It’s good to see Alan Milburn’s report into Fair Access to the Professions (out today), which I think is very timely.
Most research suggests that social mobility has been declining in the UK for about 30 years. At the same time, the gap between the richest and the poorest in our society has also grown.
We think fair access to the professions could help social mobility in the UK get back on track.
The Chartered Accountancy profession has a history of being a driver of social mobility, attracting bright people from all backgrounds. That’s the reason we kept non-graduate routes into the profession open when others were closing them.
But, with recruiters from major businesses often choosing to recruit only from the top 19 Universities, we have felt over the past few years that we needed to do more to encourage talented but disadvantaged people into the profession.

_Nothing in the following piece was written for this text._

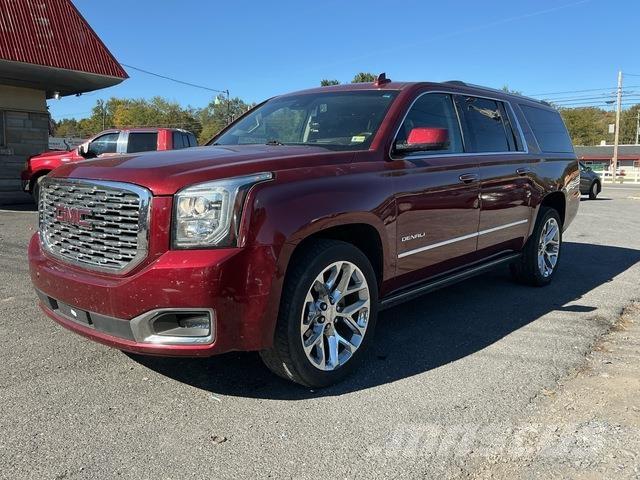 GMC Yukon XL Auto's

We think this is not only in the public interest, but also in the profession’s interest. Research has shown that the top state school pupils (with the same A level grades) outperform the top private school students at University level. And we think a broad mix of experience is likely to be advantageous to the businesses our Chartered Accountants help. We’ve also seen some evidence that an increase in social mobility could help our economy grow in the long term by a quite significant amount.
So we are working on some schemes to help people get affordable training, whether at Universities or through apprenticeships. We also encourage our members to offer paid and properly advertised internships.
Today 17% of those training to be an ICAEW Chartered Accountant have not been to university.
One of the things we will be starting to do at ICAEW this year is monitor the background of people entering our profession, so we can see whether our work is having an impact.
This will take time, but watch this space.